● **DIRECTIONS**: Repeat only what runs from the line with "Soi kèo HOT" through the last line of the data below, both included, keeping every word as it is and leaving out the pictures.

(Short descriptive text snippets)
-- Opening Marker --

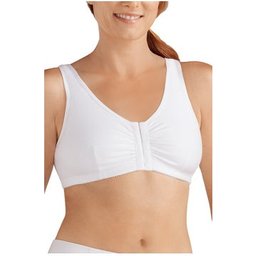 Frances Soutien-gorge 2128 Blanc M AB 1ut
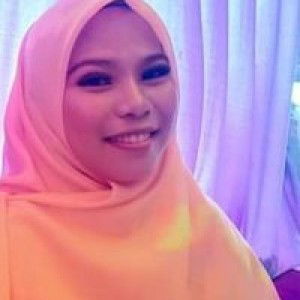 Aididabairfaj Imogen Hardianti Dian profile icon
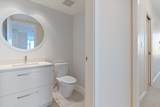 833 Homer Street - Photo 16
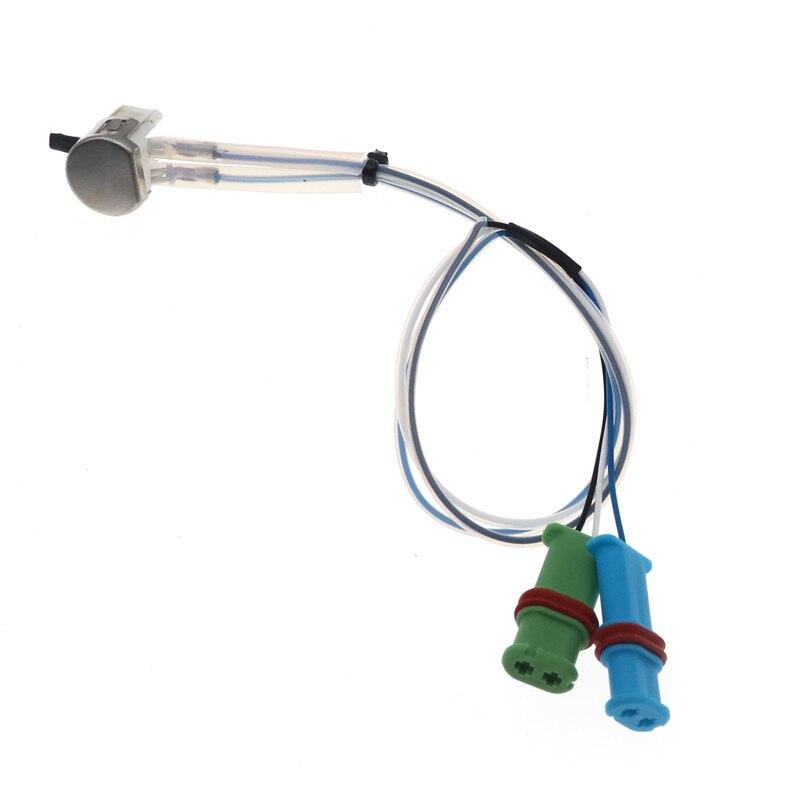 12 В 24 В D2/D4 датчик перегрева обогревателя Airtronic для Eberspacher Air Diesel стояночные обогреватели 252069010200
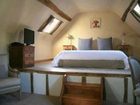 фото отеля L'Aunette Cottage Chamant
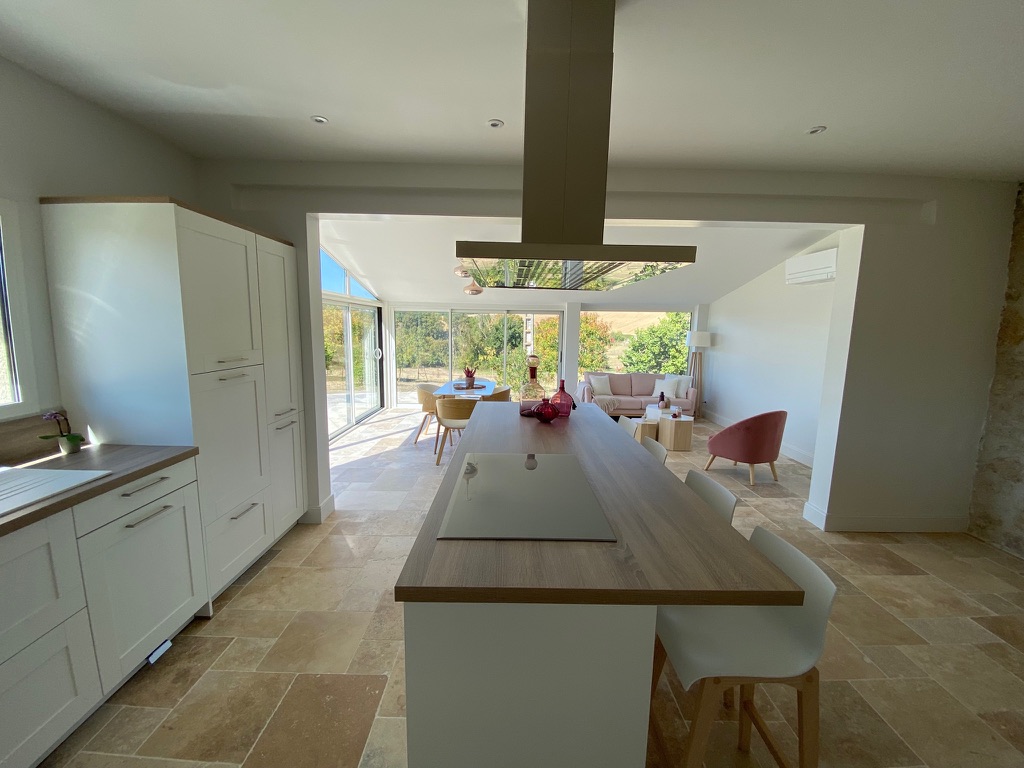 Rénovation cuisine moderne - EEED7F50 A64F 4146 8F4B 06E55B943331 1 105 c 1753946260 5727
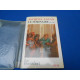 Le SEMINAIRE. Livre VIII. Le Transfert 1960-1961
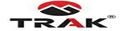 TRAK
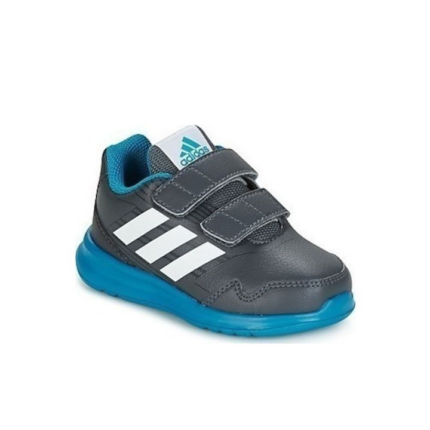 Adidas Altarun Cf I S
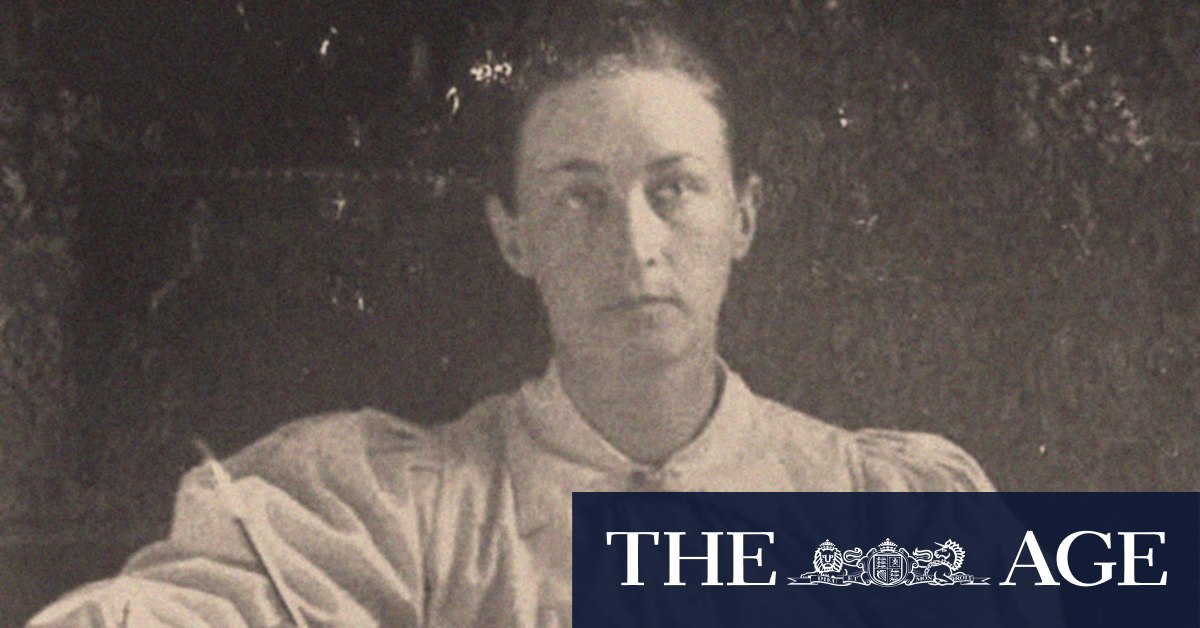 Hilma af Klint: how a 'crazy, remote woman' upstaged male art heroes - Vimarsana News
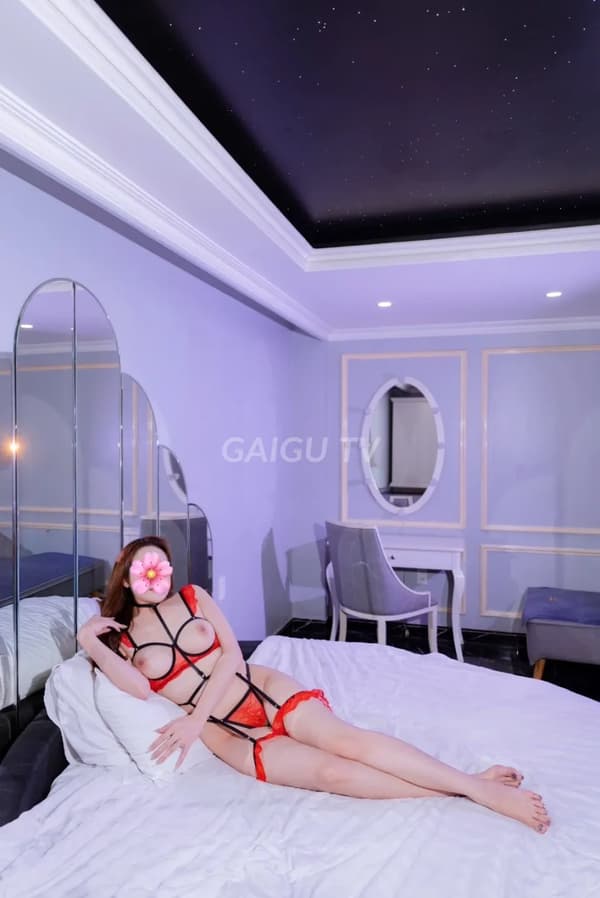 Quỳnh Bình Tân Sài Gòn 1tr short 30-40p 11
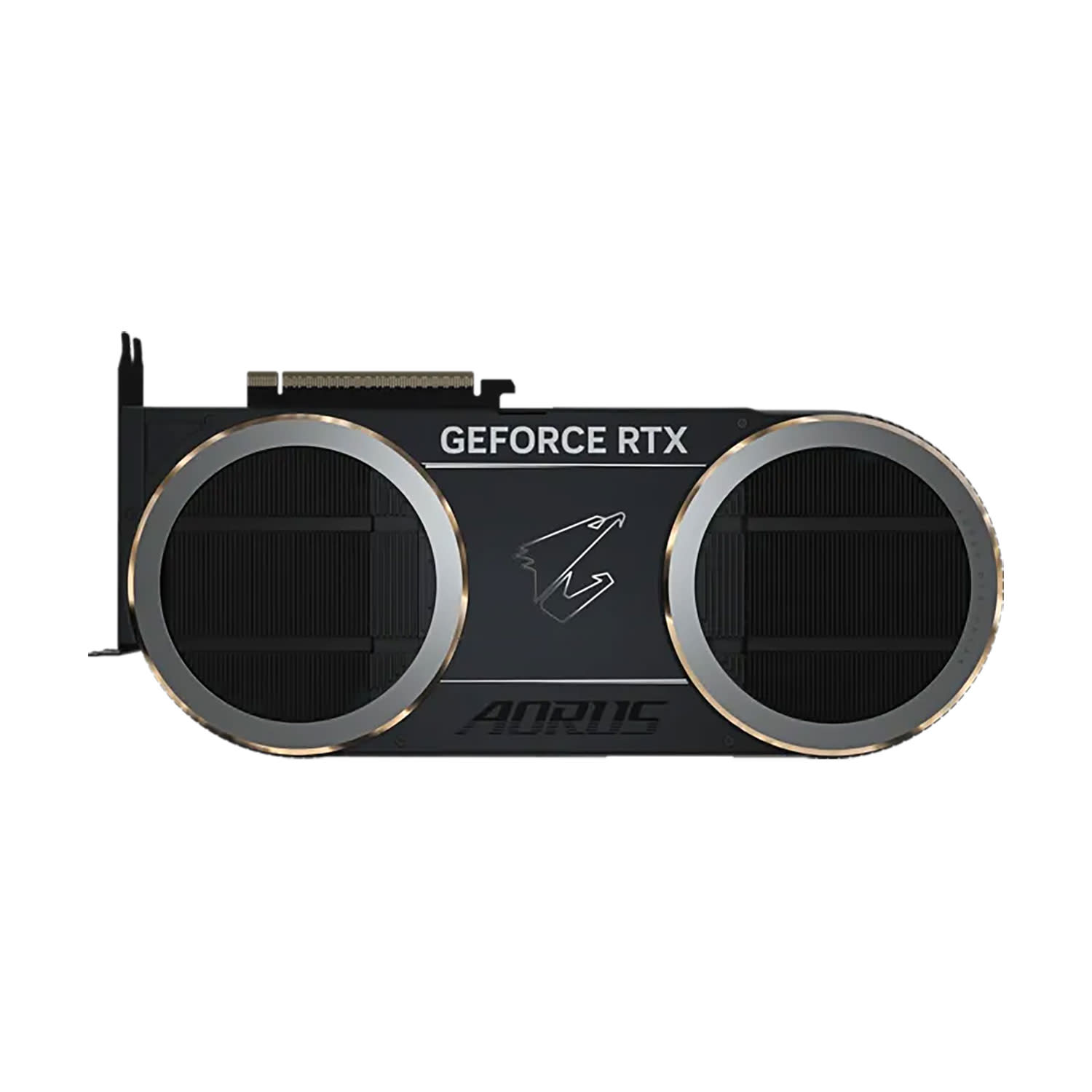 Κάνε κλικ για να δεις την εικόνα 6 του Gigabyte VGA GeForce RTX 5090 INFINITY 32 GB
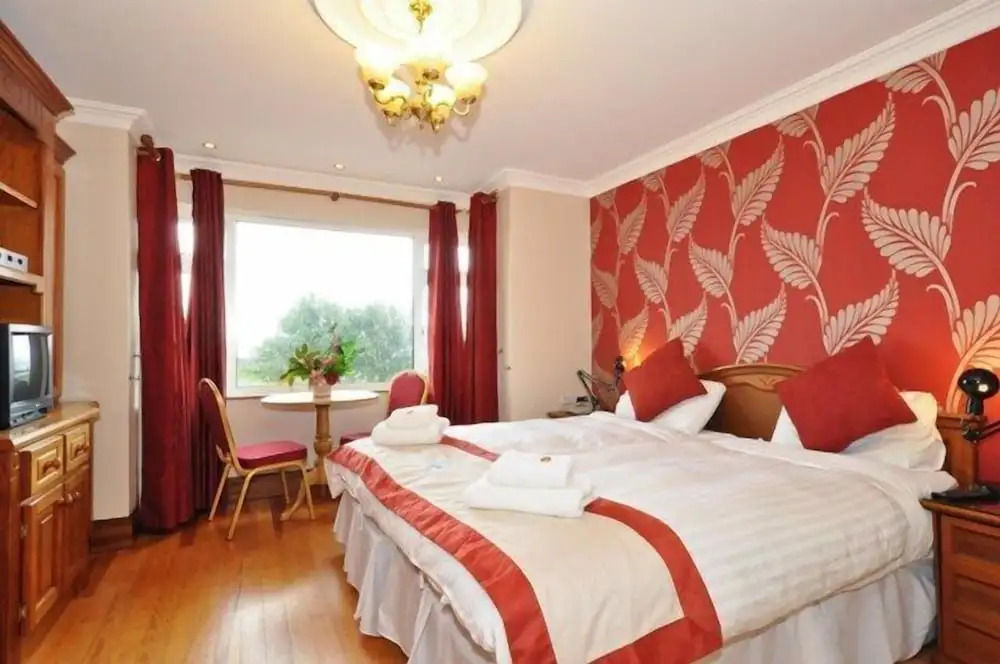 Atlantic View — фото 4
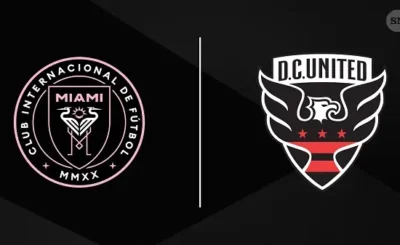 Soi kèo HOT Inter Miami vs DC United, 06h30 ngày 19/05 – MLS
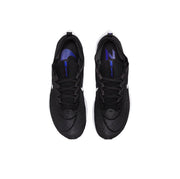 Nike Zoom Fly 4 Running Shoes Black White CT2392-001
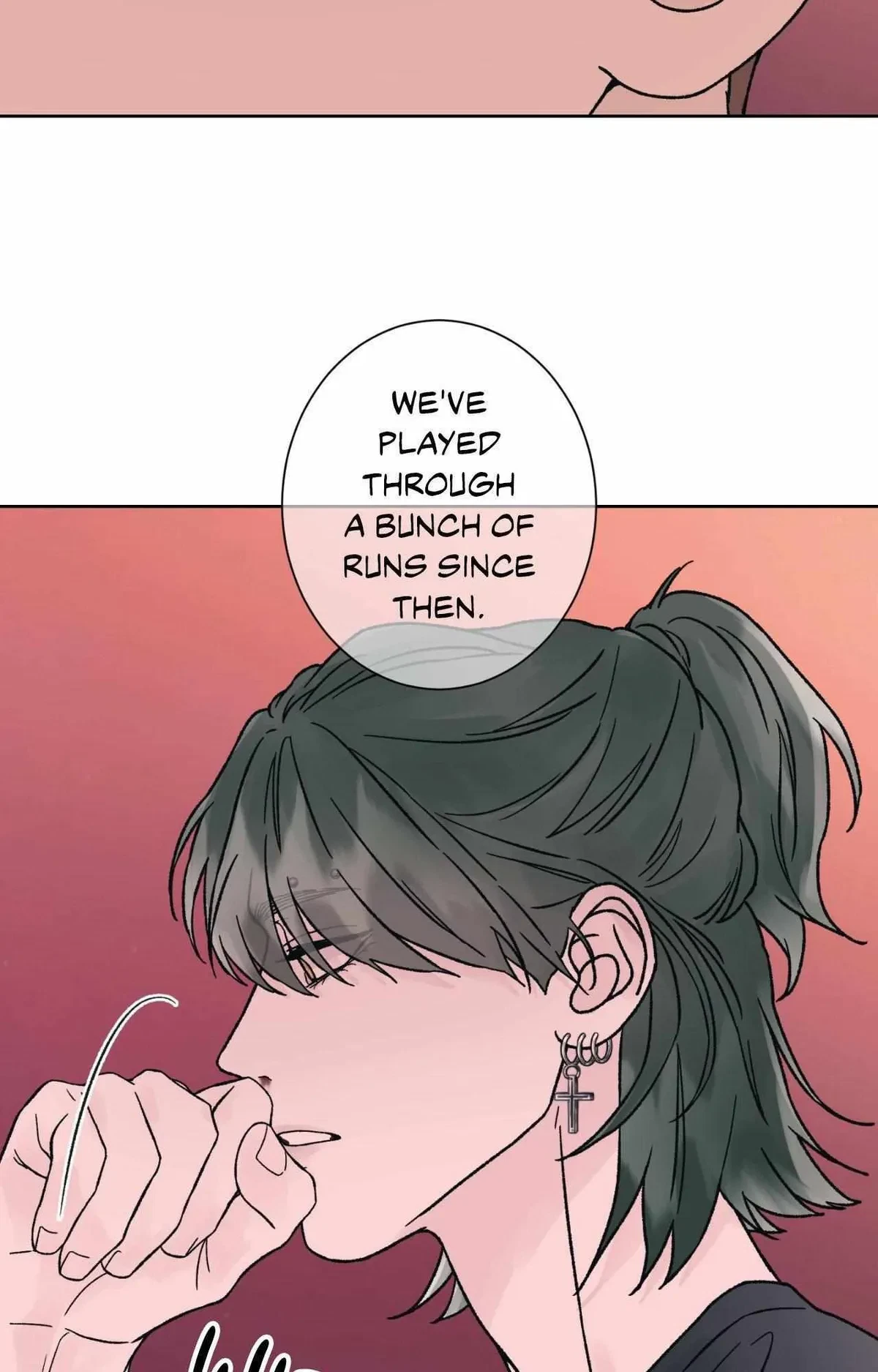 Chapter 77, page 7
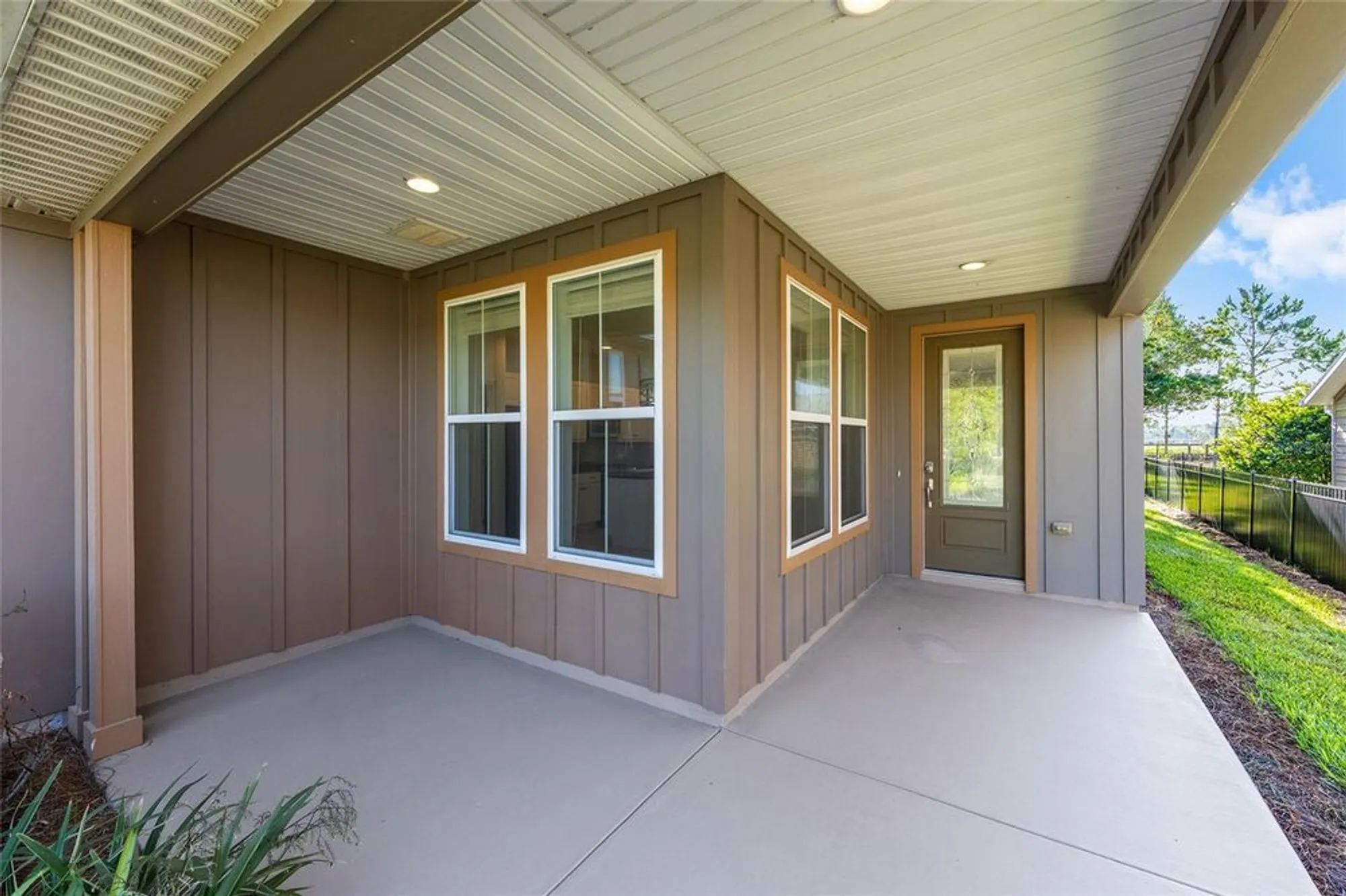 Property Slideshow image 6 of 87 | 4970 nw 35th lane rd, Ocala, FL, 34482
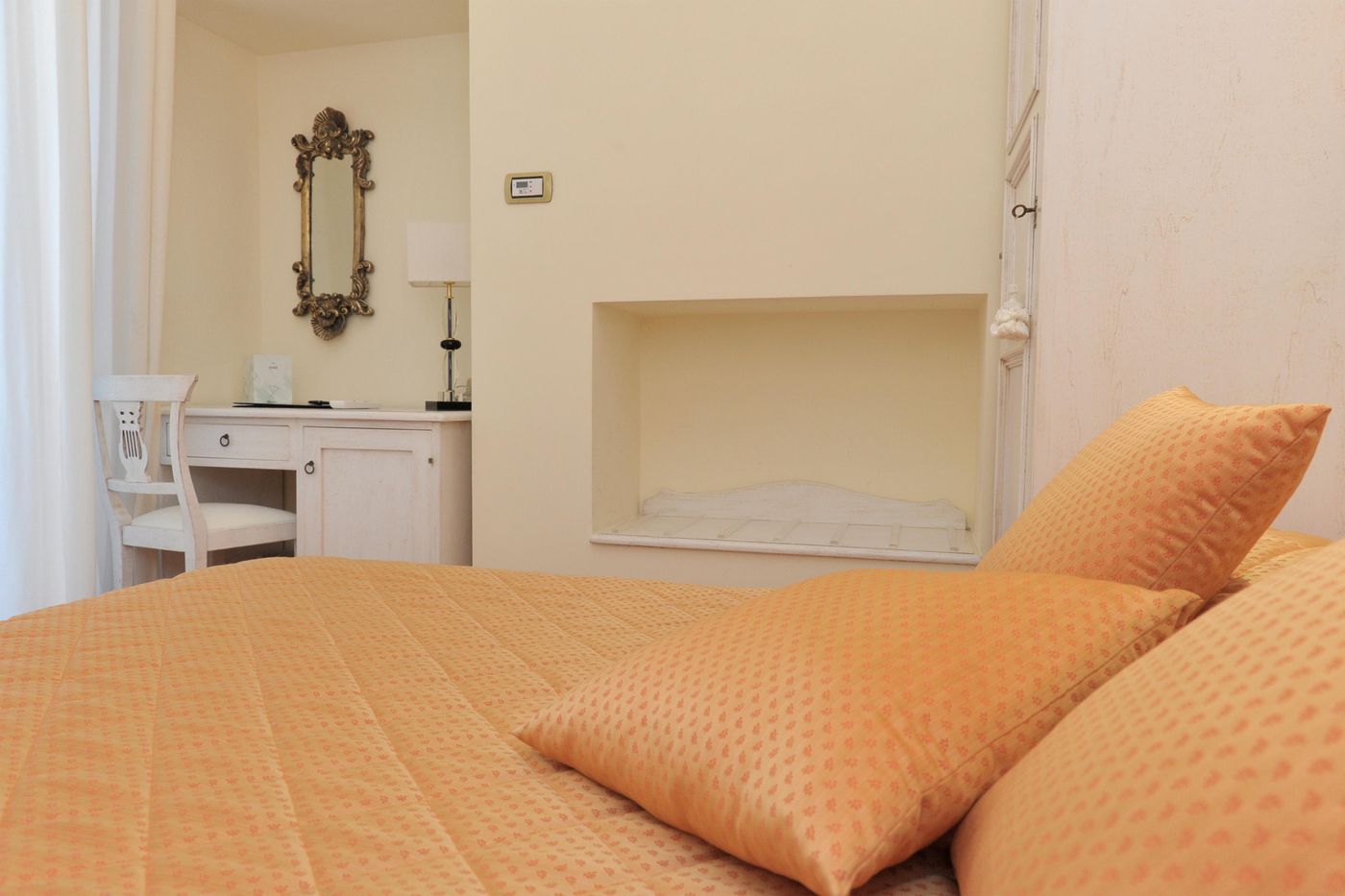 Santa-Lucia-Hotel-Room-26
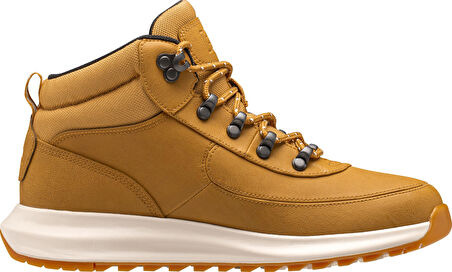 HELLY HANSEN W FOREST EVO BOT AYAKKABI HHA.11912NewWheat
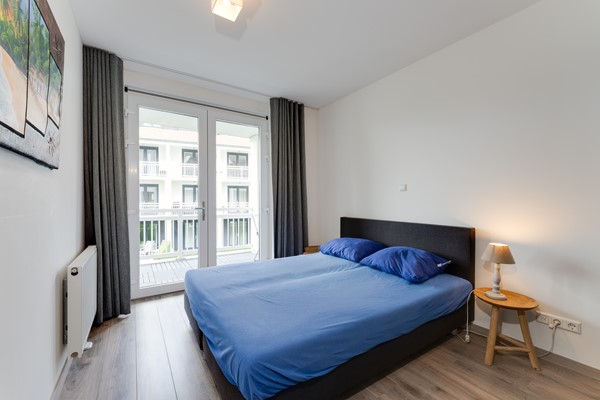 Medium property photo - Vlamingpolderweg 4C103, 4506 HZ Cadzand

-- Closing Marker --

● **RESULT OF THE TASK**:
 Soi kèo HOT Inter Miami vs DC United, 06h30 ngày 19/05 – MLS
 Nike Zoom Fly 4 Running Shoes Black White CT2392-001
 Chapter 77, page 7
 Property Slideshow image 6 of 87 | 4970 nw 35th lane rd, Ocala, FL, 34482
 Santa-Lucia-Hotel-Room-26
 HELLY HANSEN W FOREST EVO BOT AYAKKABI HHA.11912NewWheat
 Medium property photo - Vlamingpolderweg 4C103, 4506 HZ Cadzand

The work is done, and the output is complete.